CCPA Update – California Attorney General Issues Proposed CCPA Regulations

October 17, 2019
Firm Publication

On October 10, California’s Attorney General released proposed regulations that provide much needed guidance on how businesses can plan for compliance with the California Consumer Privacy Act of 2018 (CCPA), which will arguably impose additional requirements on businesses beyond the corners of the CCPA. According to the Attorney General, “The proposed regulations would establish procedures to facilitate consumers’ new rights under the CCPA and provide guidance to businesses for how to comply.” The CCPA, which goes into effect January 1, 2020, establishes the most stringent data privacy protections in the United States and gives individuals more control over how companies collect and manage individuals’ personal information.

Below we have provided a high-level summary of the proposed regulations as well as key impacts the proposed regulations will have on businesses’ CCPA compliance planning efforts.

Summary of the Proposed Regulations

Notices

The proposed regulations detail the form and content of required notices under the CCPA (both offline and online), including notices that are required to be made to consumers regarding the following:

  • The personal information that businesses collect and individuals’ rights to know certain things about businesses’ collection, use and sharing of such information.
  • Individuals’ right to opt-out of the sale of such personal information.
  • Financial incentives that a business may offer in exchange for the collection or sale of personal information.

For example, with respect to (2) above, the opt-out right, a business that sells personal information must notify consumers of their right to opt-out from such sales by posting “Do Not Sell My Personal Information” or “Do Not Sell My Info” on the business’s website or application homepage. This “Do Not Sell My Information” link or button must link to a description in the business’s privacy policy of consumers’ right to opt-out, as well as a webform by which the consumer may submit their opt-out request.

For businesses that do not operate a website but sell personal information, they must provide notice of an offline method that is appropriate in the context to make individuals aware of their opt-out rights.

Further, if a business sells consumer personal information and does not provide an opt-out notice, then the consumer is automatically considered to have submitted an opt-out request even if the consumer provides its personal information to the business. Businesses that do not sell personal information must state in their privacy policy that they do not sell personal information.

The proposed regulations also differentiate between a business’s fully fledged privacy policy and a “notice at collection,” which must disclose certain information at or before the time the business collects consumer personal information and which must link to the applicable privacy policy.

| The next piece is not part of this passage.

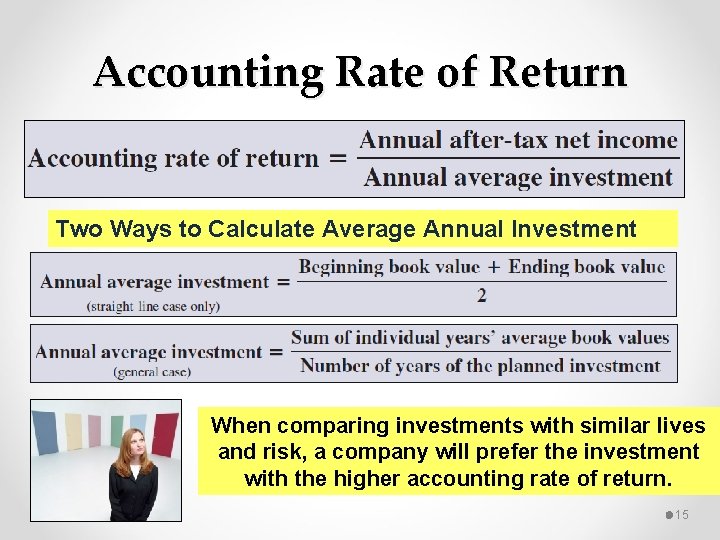 Accounting Rate of Return Two Ways to Calculate Average Annual Investment When comparing investments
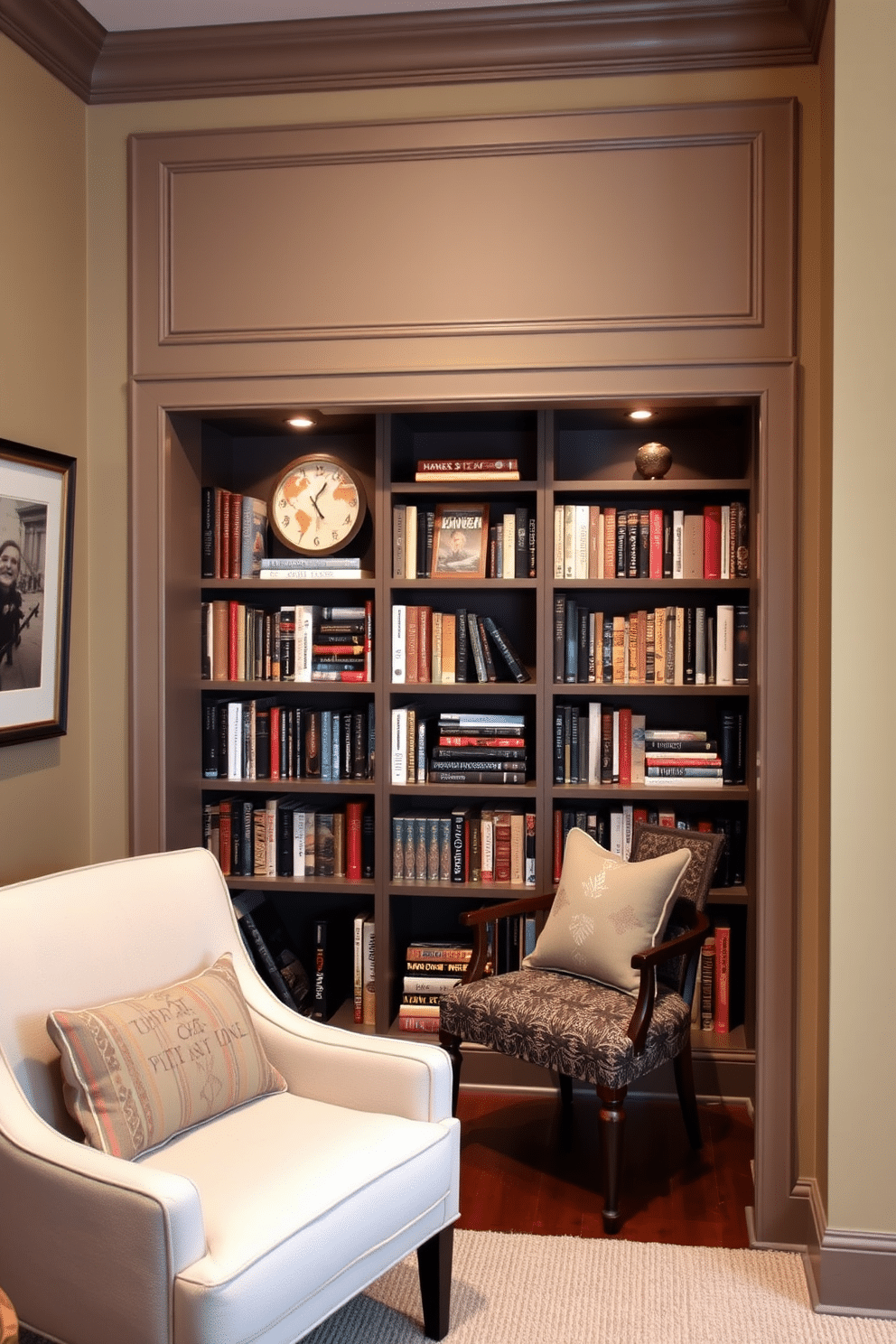 A cozy small home library featuring recessed shelving in a small alcove, filled with an array of books and decorative items. A comfortable armchair is positioned nearby, inviting readers to relax with their favorite novel, while soft lighting illuminates the space, creating a warm and inviting atmosphere.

Notably, the proposed regulations require that notices of both personal information collection and consumers’ right to opt-out of personal information sales be accessible to consumers with disabilities.

Handling Consumer Requests

The regulations provide further clarity on the scope of “requests to know” and detail timing for response to consumer requests. Requests to know include requests for a business to identify:

  • Categories and “specific pieces of personal information”* in a business’s possession or control (identified both by category and the “specific pieces” that a business possesses or controls).
  • Data sources: The categories of sources from which the business has collected such information.
  • Personal information sold or disclosed: The categories of the individual’s personal information that the business has sold or disclosed for a business purpose.
  • Third parties to whom personal information sold or disclosed: The categories of third parties to whom the individual’s personal information was sold or disclosed for a business purpose.
  • Business or commercial purpose(s) for personal information collection and/or selling: The CCPA enumerates business purposes, and responses must track the same.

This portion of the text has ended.